Why UTF-8 is not working?

heron_oliveira
heron_oliveira New Altair Community Member
edited November 2024 in Community Q&A
Today I converted a pdf to txt, and I'm trying to analyse some therms frequency in the text. Despite the txt is in UTF-8 and I've already changed the program's encoding into the default (SYSTEM) or into 'UTF-8' before tokenizing, generating n_grams, it keeps showing incorrect words. For example, the word should've been 'abrangência' inetead of 'abrangãºncia'.
Tagged:

Best Answer

  • MartinLiebig
    MartinLiebig
    Altair Employee
    Answer ✓
    Hi there,
    what operator do you use to read the text file? It should have a setting as well.

    Cheers,
    Martin

Answers

  • heron_oliveira
    heron_oliveira New Altair Community Member
    My txt file has correct words, it only happends when I run operators in RapidMiner. And I'm using operators for tokenizing, Transform Cases, Generate n-Grams, Filter Tokens and Filter StopWords. But the problem begins since the first operator wich is Tokenize...
  • heron_oliveira
    heron_oliveira New Altair Community Member
    I would also like to know how to must be the stop words list format.

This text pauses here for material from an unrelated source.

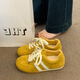 梵昇昱德訓鞋女2026新款休閑鞋輕便平底爆款阿甘鞋時(shí)尚百搭運動(dòng)休閑板鞋 平底德訓鞋【黃色】 37 【偏小碼】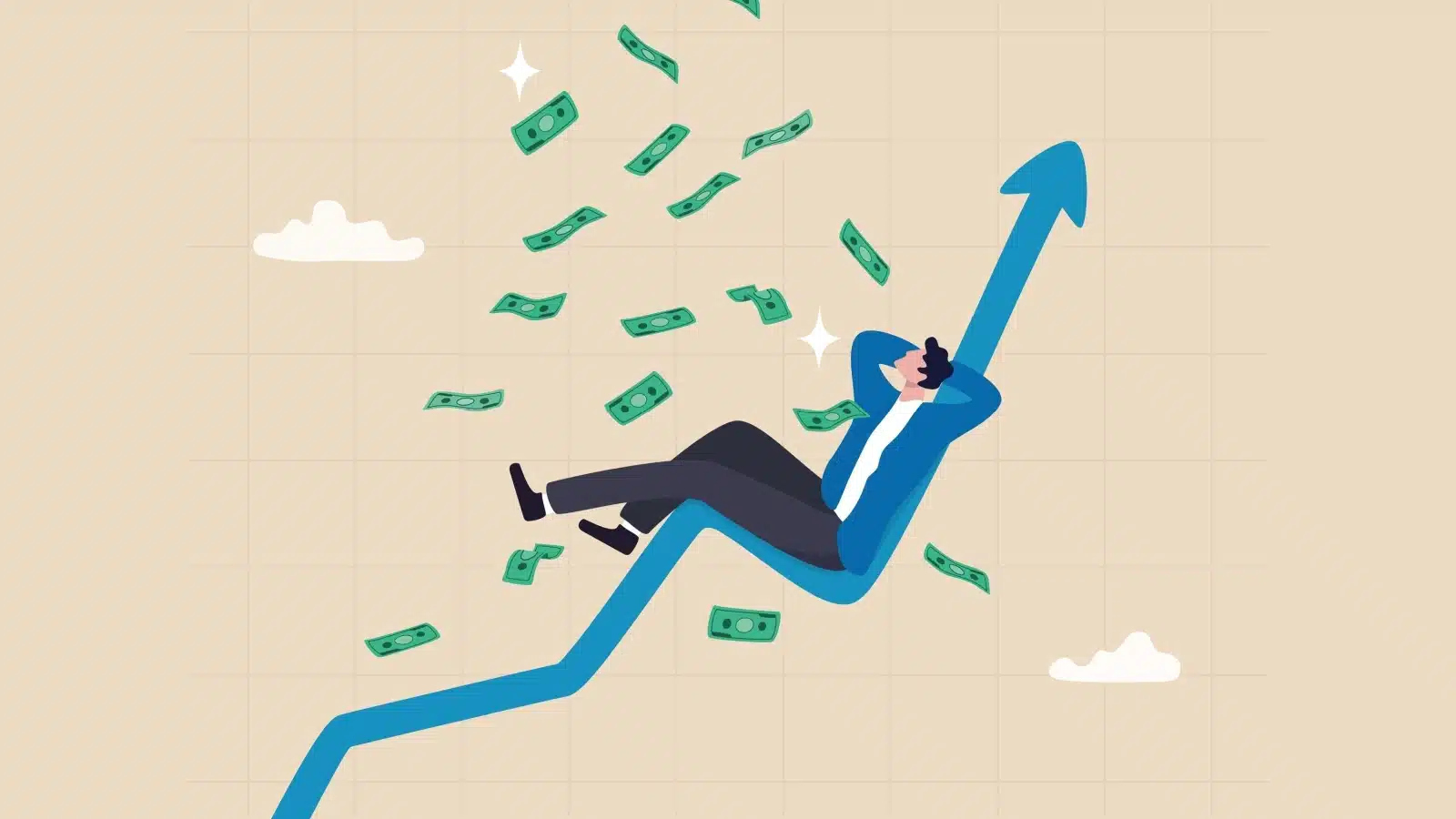 A man lounges on an investment graph that's pointing upward while money rains down upon him to represent passive income from investments.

Since there is no Portuguese stop words operator, I made a list document, but I don't know if it accepts list format or if it should be dictionary or something else.
  • MartinLiebig
    MartinLiebig
    Altair Employee
    Answer ✓
    Hi there,
    what operator do you use to read the text file? It should have a setting as well.

    Cheers,
    Martin
  • heron_oliveira
    heron_oliveira New Altair Community Member
    Exactly, I was changing enconde in the settings > preferences. But in fact I should've done it on the operator settings. Thanks!